= RECORD EXTRACTS =

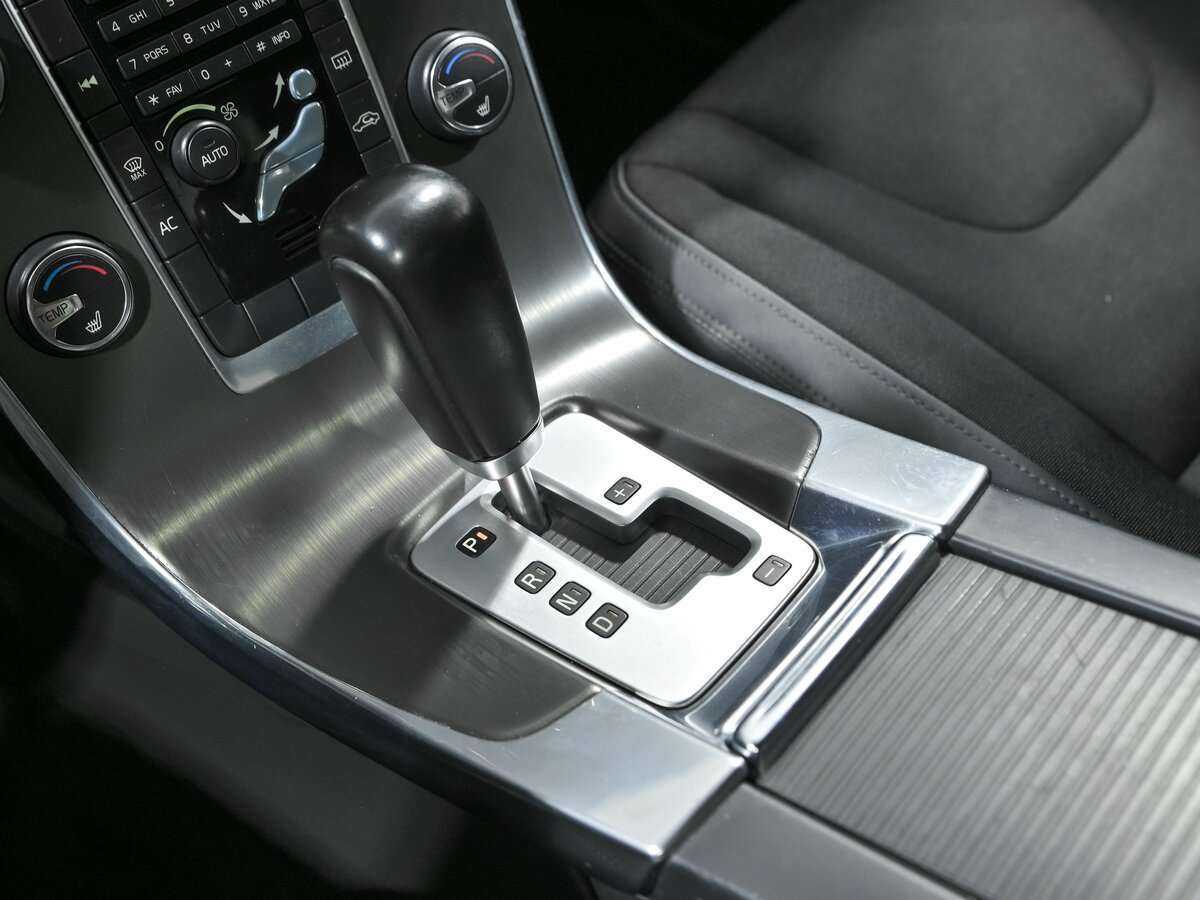 Volvo S60, 2011 Фото №12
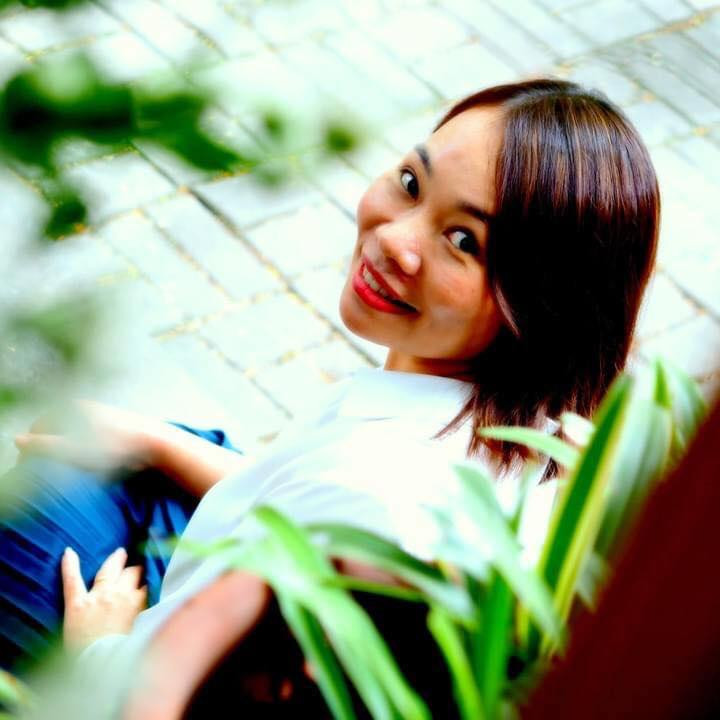 Tác giả Khánh Huyền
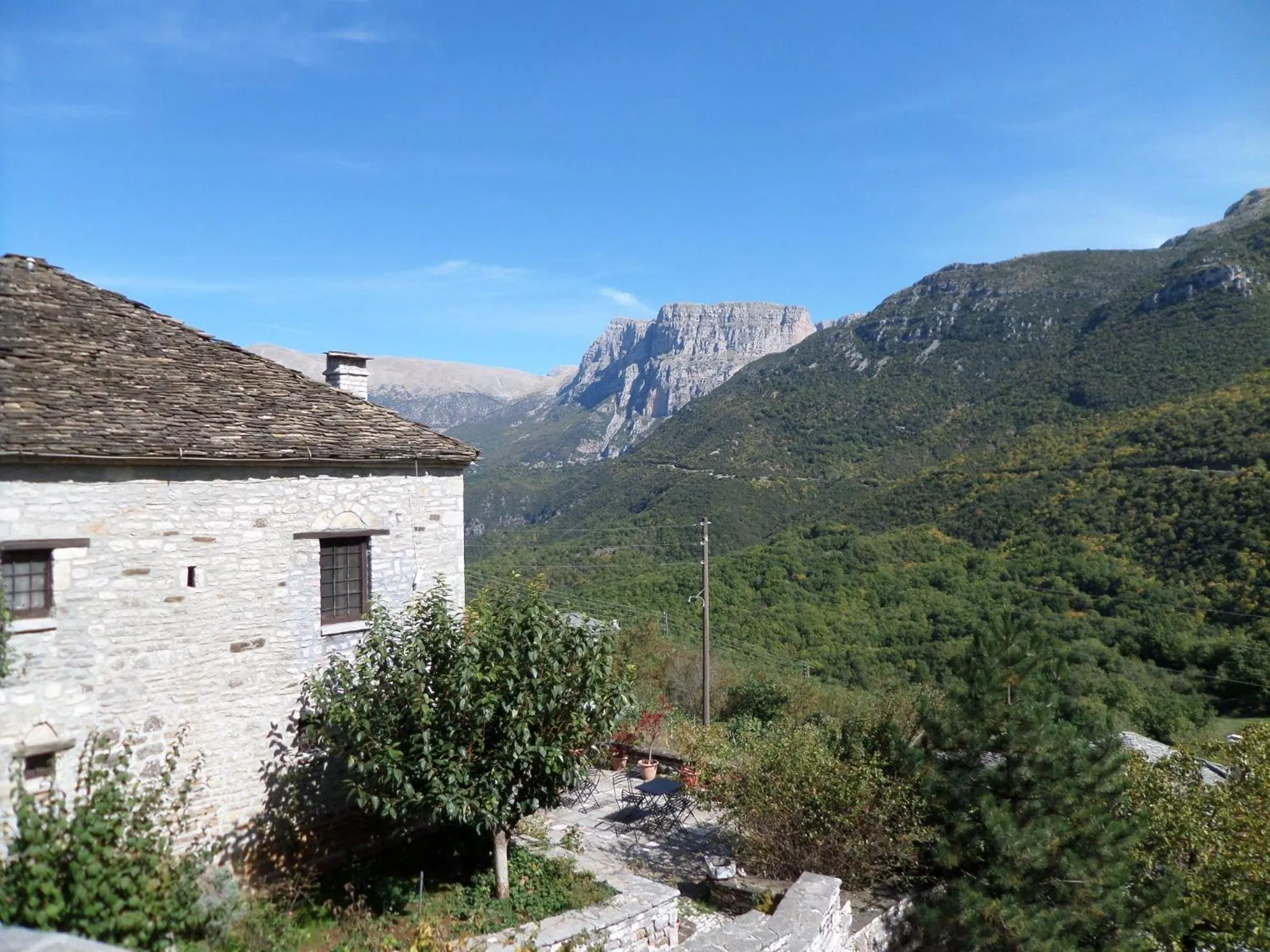 Property building in Arhontiko Aristis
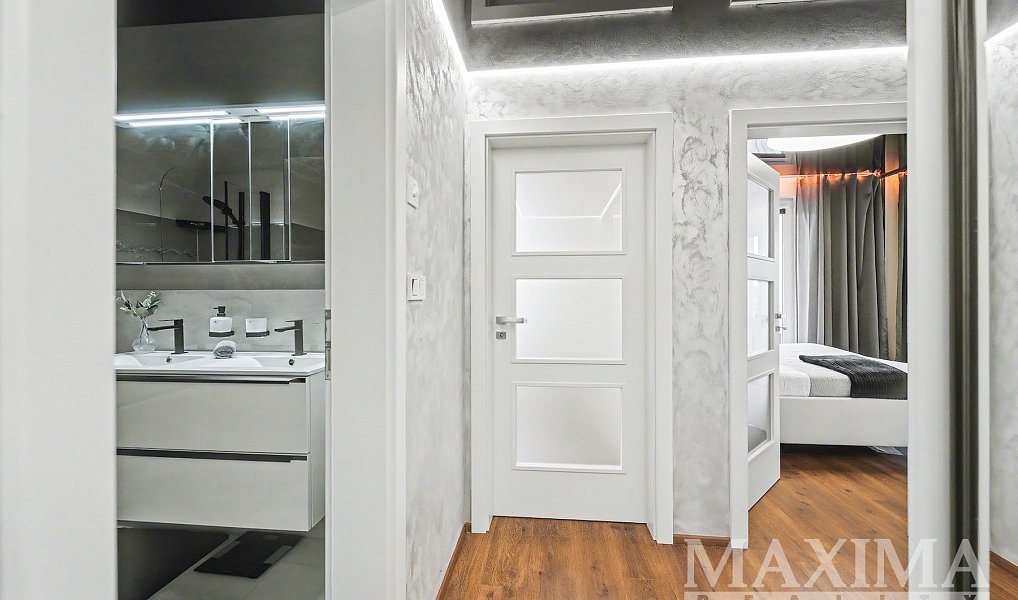 Prodej bytu 3+kk 77 m², Praha – náhled fotky 9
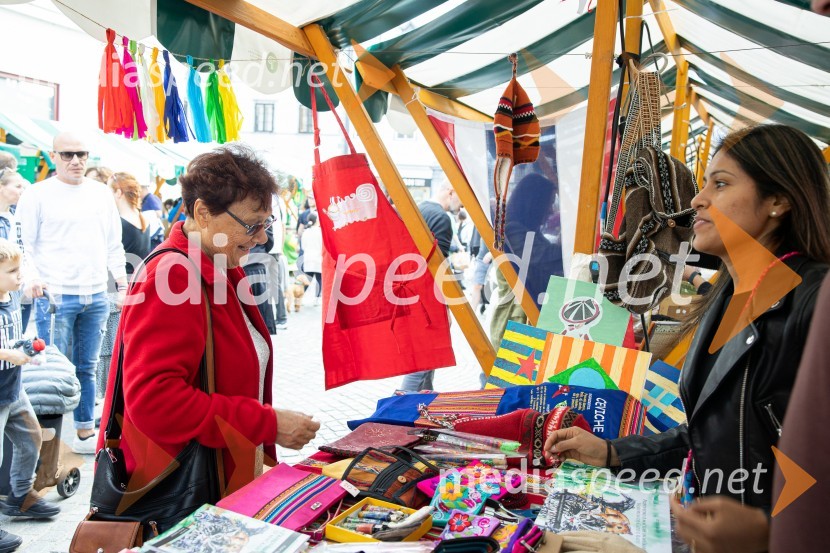 Dobrodelni bazar Mednarodnega združenja žensk - Sila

= TASK =
Every line above is to be given again exactly, apart from the pictures.

= SOLUTION TO THE PROBLEM =
 Volvo S60, 2011 Фото №12
 Tác giả Khánh Huyền
 Property building in Arhontiko Aristis
 Prodej bytu 3+kk 77 m², Praha – náhled fotky 9
 Dobrodelni bazar Mednarodnega združenja žensk - Sila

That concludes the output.